A l’occasion de la 17e Conférence Nationale des Plaies et Cicatrisations qui s’est tenue à Paris du 20 au 22 janvier 2013, quelques grands axes de prise en charge et de stratégies thérapeutiques ont été explicités lors de la conférence inaugurale concernant les plaies infectées ou chroniques, le pied diabétique, les traitements locaux, l’antibiothérapie ou la pression négative... Revue de détails.
Sylvie Meaume, dermatologue, gériatre, chef de service de gériatrie plaies et cicatrisation à l’hôpital Rothschild, à Paris, présidente de la Société Française et Francophone Plaies et Cicatrisations est intervenue sur la question des traitements locaux des plaies à partir d’une revue de la littérature et un tour d’horizon des différents produits commercialisés en France ou à l’étranger (dispositifs médicaux et médicaments). « Des solutions pour le lavage des plaies (hydrojets) ou la détersion sont disponibles et des pansements dont les développements technologiques permettent une simplification des soins, apportent un plus grand confort aux patients et aux soignants (pansements très absorbants, composites très conformables, micro-adhérents...) ». De même, il existe aujourd’hui des pansement « proactifs » qui détiennent des substances interagissant avec la cicatrisation. « Des pansements aux propriétés antibactériennes (contenant de l’argent ou d’autres antibactériens PHMB, octenidine...) et/ou anti-inflammatoire, pansement au collagène, pansements « boosters » de la cicatrisation anti MMP notamment, font l’objet d’études cliniques rigoureuses ». Sylvie Meaume a rappelé que « des dispositifs médicaux agissant sur la composante physique de la cicatrisation (traitement par pression négative, stimulation électrique...) offrent des solutions aux plaies complexes ». Se développent aussi des biothérapies (larves) avec un mode d’emploi précis, des facteurs de croissance issus de gels plaquettaires mais aussi de l’industrie pharmaceutique qui font l’objet d’essais cliniques contrôlés randomisés.

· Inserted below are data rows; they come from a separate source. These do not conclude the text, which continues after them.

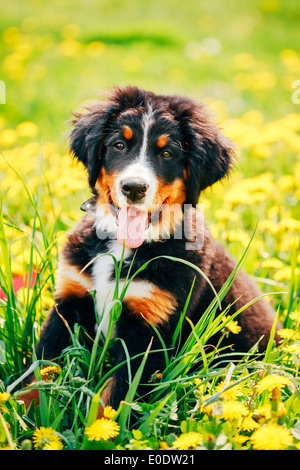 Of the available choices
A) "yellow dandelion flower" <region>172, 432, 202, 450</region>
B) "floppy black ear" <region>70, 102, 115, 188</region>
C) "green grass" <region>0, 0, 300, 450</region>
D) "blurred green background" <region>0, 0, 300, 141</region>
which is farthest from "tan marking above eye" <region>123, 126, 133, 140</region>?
"blurred green background" <region>0, 0, 300, 141</region>

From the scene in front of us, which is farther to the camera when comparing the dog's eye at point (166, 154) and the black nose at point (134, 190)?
the dog's eye at point (166, 154)

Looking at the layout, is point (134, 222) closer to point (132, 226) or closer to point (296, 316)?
point (132, 226)

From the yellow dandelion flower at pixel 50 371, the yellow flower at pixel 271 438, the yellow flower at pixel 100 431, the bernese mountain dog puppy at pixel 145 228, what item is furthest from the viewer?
the bernese mountain dog puppy at pixel 145 228

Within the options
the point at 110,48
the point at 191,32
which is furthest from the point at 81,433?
the point at 191,32

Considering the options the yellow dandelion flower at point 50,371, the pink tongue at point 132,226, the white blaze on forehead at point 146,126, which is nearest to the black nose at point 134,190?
the pink tongue at point 132,226

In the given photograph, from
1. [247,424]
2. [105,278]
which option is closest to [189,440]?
[247,424]

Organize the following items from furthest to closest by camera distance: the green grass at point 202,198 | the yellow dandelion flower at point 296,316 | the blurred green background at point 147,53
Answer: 1. the blurred green background at point 147,53
2. the yellow dandelion flower at point 296,316
3. the green grass at point 202,198

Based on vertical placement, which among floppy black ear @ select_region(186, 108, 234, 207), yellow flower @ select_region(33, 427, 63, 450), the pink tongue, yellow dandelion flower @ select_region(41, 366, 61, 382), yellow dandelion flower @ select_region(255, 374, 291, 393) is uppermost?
floppy black ear @ select_region(186, 108, 234, 207)

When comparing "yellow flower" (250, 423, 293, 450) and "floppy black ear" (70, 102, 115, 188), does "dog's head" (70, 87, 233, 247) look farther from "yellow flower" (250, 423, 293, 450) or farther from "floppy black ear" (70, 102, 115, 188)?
"yellow flower" (250, 423, 293, 450)

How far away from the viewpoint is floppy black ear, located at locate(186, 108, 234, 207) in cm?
288

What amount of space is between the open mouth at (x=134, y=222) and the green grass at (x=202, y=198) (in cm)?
22

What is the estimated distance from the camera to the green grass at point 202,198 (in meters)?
2.11

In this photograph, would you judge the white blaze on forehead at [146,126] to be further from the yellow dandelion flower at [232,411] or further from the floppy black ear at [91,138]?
the yellow dandelion flower at [232,411] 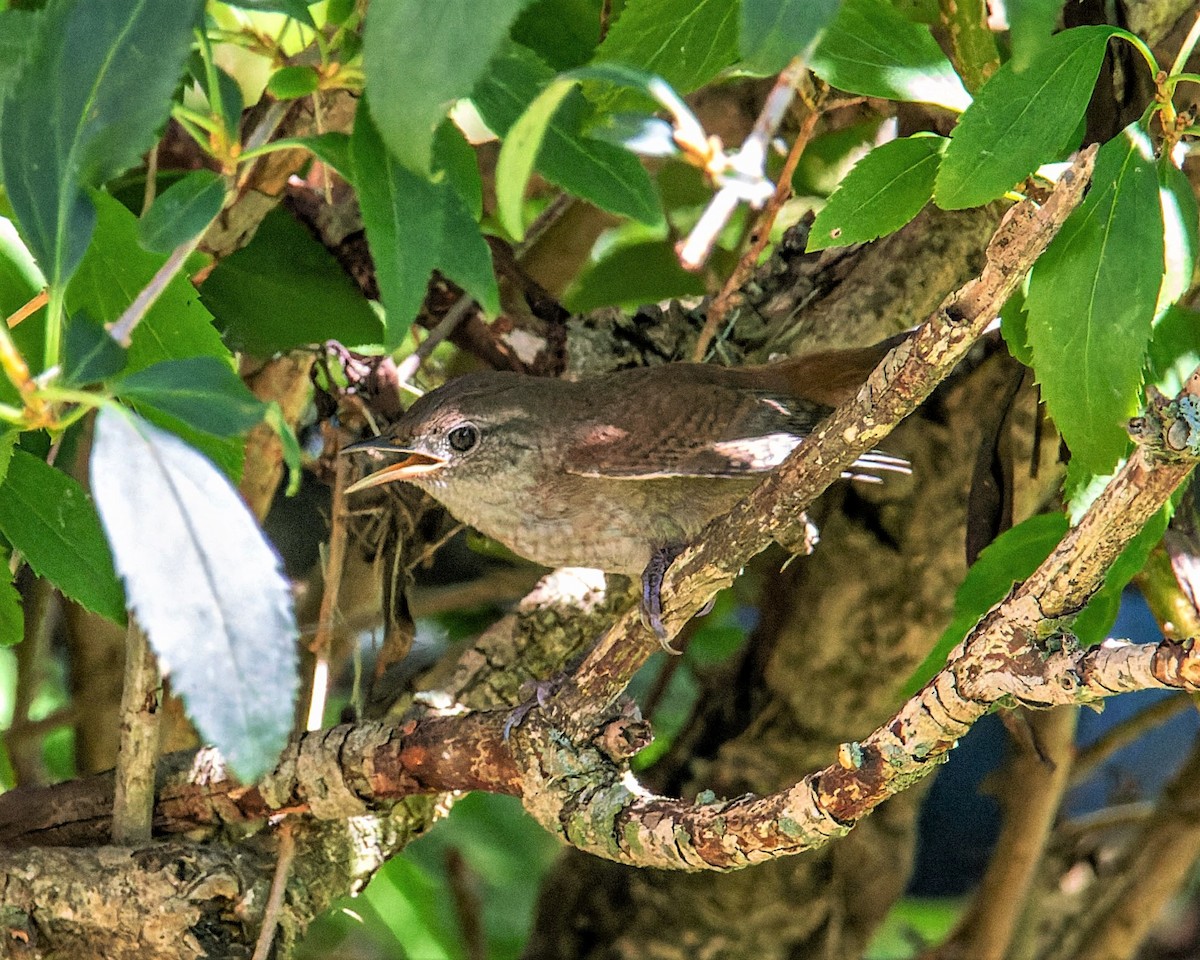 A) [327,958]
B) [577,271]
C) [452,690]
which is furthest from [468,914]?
[577,271]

« Les études menées, et publiées, les cas cliniques explicites, actualisent les différents niveaux de preuve (même si la méthodologie rigoureuse espérée par la HAS n’est pas toujours observée) et participent à l’émergence de nouveaux produits qui seront peut-être ceux de demain pour toutes ou parties des plaies... ». In fine, le traitement local des plaies « reste un savant mélange de preuve scientifique et d’avis d’expert et les rapports bénéfice/risque et coût/efficacité font partie des objectifs des cliniciens ». Quant aux départements « recherche et développement » des laboratoires et l’émergence de star up, « ils laissent augurer des nouveautés à venir pour les patients ».
« Le traitement local des plaies reste un savant mélange de preuve scientifique et d’avis d’expert et les rapports bénéfice/risque et coût/efficacité font partie des objectifs des cliniciens. »
Quid du traitement par pression négative...
Luc Téot, responsable de l’unité fonctionnelle plaies et cicatrisations, département de Chirurgie à l’hôpital Lapeyronie, à Montpellier, l’a rappelé : « la pression négative a acquis droit de cité dans la prise en charge des plaies. Ses modalités varient dans le mode de pression (machine d’aspiration avec moteur électrique ou sur ressort, appliqué avec contrôle permanent de la pression ou pansement absorbant mis en pression négative, mode constant ou intermittent), dans l’interface (utilisation de mousses de densités différentes, de taille de pores variables, ou de compresses), et plus récemment permettant l’instillation de liquides variés (sérum stérile, antiseptiques, antibiotiques) ».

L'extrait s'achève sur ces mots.